Overusing Identities

Question

Overusing Identities

Steve Jones - SSC Editor

SSC Guru

Points: 741310
More actions
February 27, 2010 at 11:39 am

#156722

Comments posted to this topic are about the item Overusing Identities

Viewing 15 posts - 1 through 15 (of 71 total)

You must be logged in to reply to this topic. Login to reply

Jeff Moden SSC Guru Points: 1004704 More actions · Answer 1

I use identities for the same reason that people are issued SSN's... It makes life real simple as a unique identifier in the world of large batch programming. As I prepare to install handrails for the upcoming ride :-P, I'll also tell you that if a natural key exists, I'll still usually use an IDENTITY column as at least a Non-null Unique Key and make the natural key the PK unless, maybe, if it's a totally static table.

I'll usually put the clustered index on an IDENTITY column especially for large tables that are also highly transactional just to keep page splits at the lowest level possible. Sure, a date column would probably suffice but there isn't always a date column and, when there is, data is not always inserted in the same order as those dates. To me, it's worth the 4 bytes per row to keep from having nearly 8k bytes suddenly open up because a single row insert caused a page split. The extra 4 byte column is usually worth it to me in the savings it causes during maintenance.

I also tend to use IDENTITY columns on everything I import. I always import to staging tables and never to the final table so that if someone does send "dupes", I can easily find them and tell the vendor of their problem. Yes, there are several ways to avoid the dupes but I always want to capture them for one reason or another and the IDENTITY column provides uniqueness when there may otherwise be none. The use of IDENTITY columns also makes it a snap to archive data because I can usually archive rows on one logical end of the table while the users continue to use the more recent other "end" of the table without mutual interference.
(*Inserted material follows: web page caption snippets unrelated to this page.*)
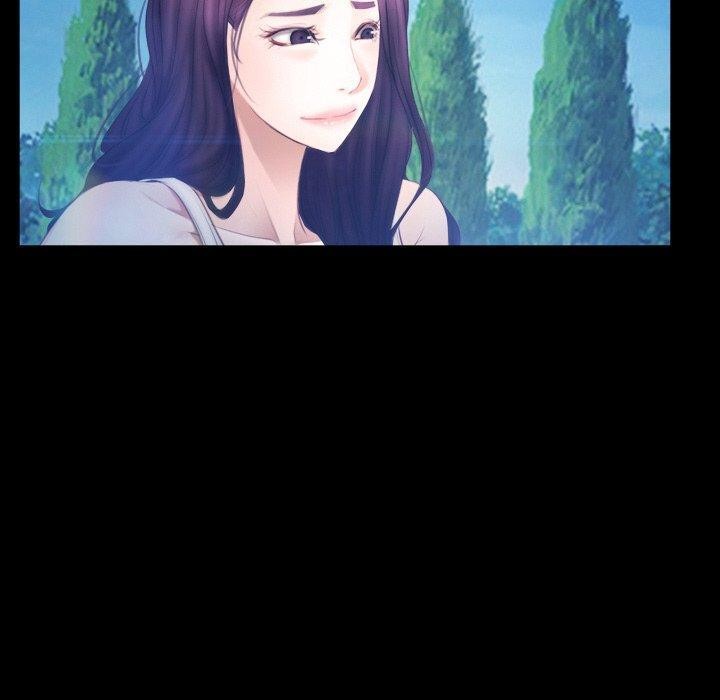 第46话 - 第70.jpg页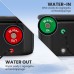 ExtraLink Extralink Ice Bath | Wanna do morsowania | 160x85x65cm
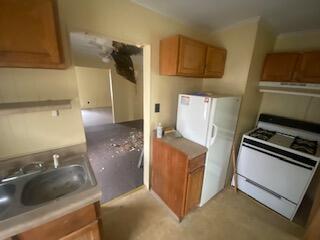 1013 2nd Ct, Jackson, MI 49203 photo 5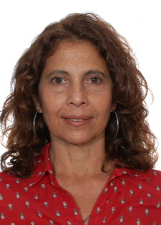 Foto de FERNANDA CUBIACO MOURA
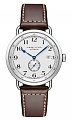 Нажмите на изображение для увеличения
Название: Hamilton-Khaki-Navy-Pioneer-H78465553.jpg
Просмотров: 1565
Размер:	203.9 Кб
ID:	349364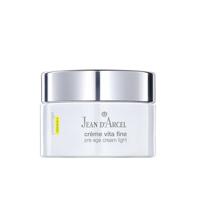 Jean D'Arcel Prestige Vitamin+ Crème Vita Fine 50ml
The bottom line is that as with everything else, "It Depends". I can see arguments for using IDENTITIES for all tables, no tables, or just some tables. I happen to be one of those that favors the use of IDENTITY columns.

--Jeff Moden

RBAR is pronounced "ree-bar" and is a "Modenism" for Row-By-Agonizing-Row.
First step towards the paradigm shift of writing Set Based code:
________Stop thinking about what you want to do to a ROW... think, instead, of what you want to do to a COLUMN.
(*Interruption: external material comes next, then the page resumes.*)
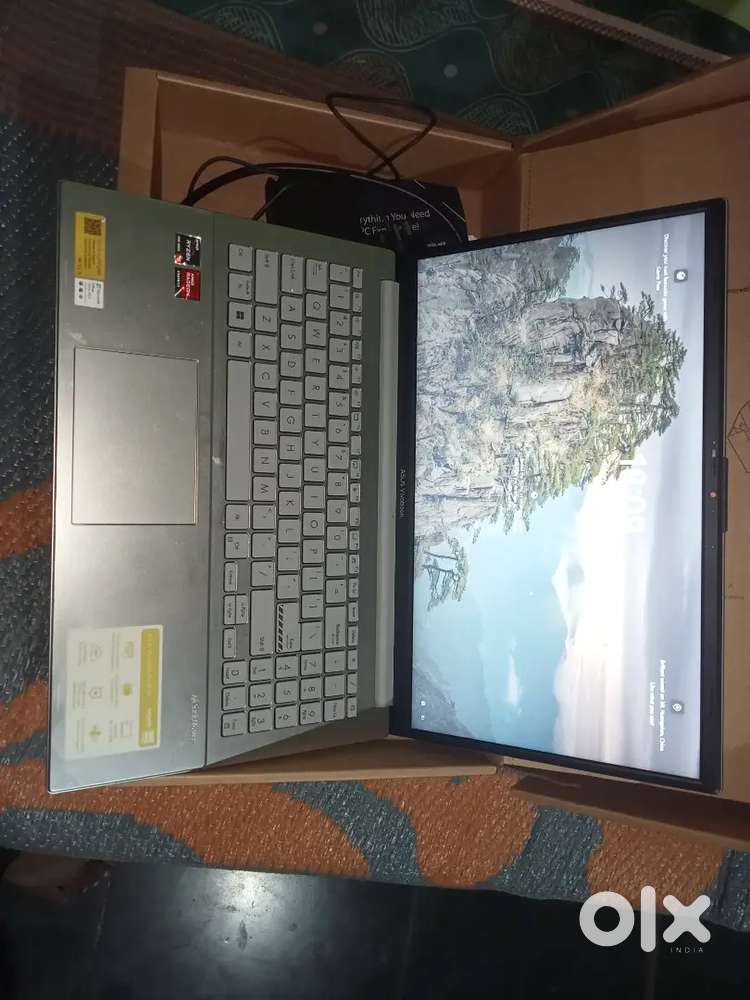 Chikkmagalur distic kadur taluk neelana  halli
Change is inevitable... Change for the better is not.

Helpful Links:
How to post code problems
How to Post Performance Problems
Create a Tally Function (fnTally)

george sibbald SSC Guru Points: 104210 More actions · Answer 2

Just to note that using a GUID as a primary key might not be a good idea if the index is created as a clustered index due to the random values given to GUIDs, and their length at 16 bytes.

NEWSEQUENTIALID() can be used in conjunction with GUIDs if they are to be the clustered index.
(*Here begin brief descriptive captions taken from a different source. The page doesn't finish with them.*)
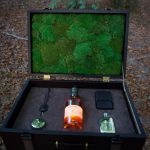 aberlour_091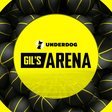 Gil's Arena icon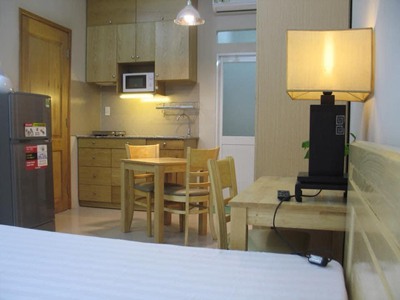 Cho thuê pjongf khép kín chính chủ t2 1649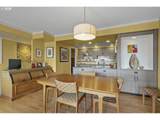 2221 1ST Ave - Photo 20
---------------------------------------------------------------------

SQLRNNR SSC Guru Points: 281344 More actions · Answer 3

Jeff Moden (2/27/2010)
I use identities for the same reason that people are issued SSN's... It makes life real simple as a unique identifier in the world of large batch programming. ...
I'll usually put the clustered index on an IDENTITY column especially for large tables that are also highly transactional just to keep page splits at the lowest level possible. ...
I also tend to use IDENTITY columns on everything I import. ...
The bottom line is that as with everything else, "It Depends". I can see arguments for using IDENTITIES for all tables, no tables, or just some tables. I happen to be one of those that favors the use of IDENTITY columns.

I favor the use of identity columns for much the same reasons. I don't like clustered indexes on GUID columns, and prefer to use a better natural key or an identity column. Jeff pretty much summed it up for me though.

Jason...AKA CirqueDeSQLeil
_______________________________________________
I have given a name to my pain...MCM SQL Server, MVP
SQL RNNR
Posting Performance Based Questions - Gail Shaw[/url]
Learn Extended Events

Steve Cullen SSCertifiable Points: 5598 More actions · Answer 4

We create identity columns for just about every table. It tends to make things much easier. One such area this makes things easier in is transactional replication.

One area we don't do this with is in staging tables for ETL import. I tend to go back and forth on the whole identity idea there because there are occasionally dups to deal with, as Jeff has pointed out. It's never been a major issue though.

Everywhere else we use identity, whether we have a natural key or not.

Converting oxygen into carbon dioxide, since 1955.

Gail Shaw SSC Guru Points: 1004514 More actions · Answer 5

I don't have a problem with using identities. What I do have a problem with is using identities as the only unique identifier of the entire table.

When the primary key is an identity (or a GUID) and there is no other unique column or set of columns in the table, then it's easy to get into the situation where the only thing that differs between two rows is a meaningless artificial key. That easily leads to unamusing data integrity issues at a later date.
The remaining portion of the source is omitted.